RIMPAC naval exercises start up

Thousands of military personnel from 22 countries have begun a month of RIMPAC naval exercises and, for the first time, China is involved in the effort.

A hospital ship, the Ark Peace, was deployed from China to the Philippines following the devastating typhoon there. It is a floating hospital complete with operating rooms, a dentist office and an opthalmology center. The ship even has lifeboats that can secure patients in the event of a problem on board.

While the visit to the hospital ship was very cordial and welcoming, another Chinese ship, not so much. Photo opportunities were limited and no one on board was available to speak with the media.

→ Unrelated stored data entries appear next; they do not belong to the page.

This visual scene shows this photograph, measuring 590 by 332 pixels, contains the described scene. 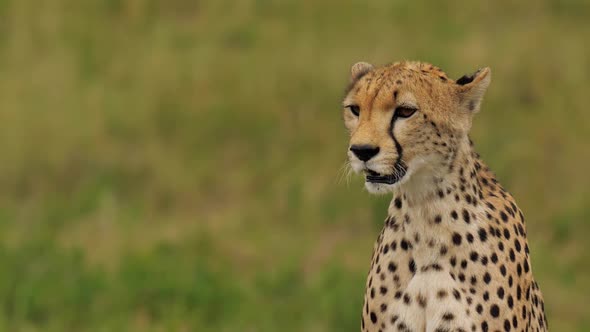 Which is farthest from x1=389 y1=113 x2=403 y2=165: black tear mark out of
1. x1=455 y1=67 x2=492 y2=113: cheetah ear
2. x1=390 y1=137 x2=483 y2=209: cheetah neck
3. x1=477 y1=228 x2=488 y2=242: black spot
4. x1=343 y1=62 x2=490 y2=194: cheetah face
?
x1=477 y1=228 x2=488 y2=242: black spot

The naval ship in question is called an escort vessel. It is often used to bring merchant ships into Chinese harbors to prevent piracy.

Japan is also well represented during RIMPAC.

Lt. Commander Naohiro Watanabe said “this RIMPAC has very many participants so we can (talk to each other) so, yeah, it’s very good.”

Major Steve Neta of the Royal Canadian Air Force echoed that sentiment.

“That’s exactly it,” he said. “It’s about cooperation, communication, building relationships and partnerships in an area of the world that all of these nations have a vested interest.”

Like the aforementioned typhoon that hit the Philippines, Major Neta said the next disaster can strike at any time and call on all the resources of the RIMPAC partners.

“And we do humanitarian assistance and disaster response as part in the exercise, so you have a lot of these nations getting a chance to practice in a controlled environment. It just makes things easier when you have to do it in real life.”

When Lt. Commander Watanabe was asked if he was happy to be in Hawaii, he said “yes, of course.”

“Hawaii, daijobu?”

“Yes, daijobu. It’s a very beautiful sight.”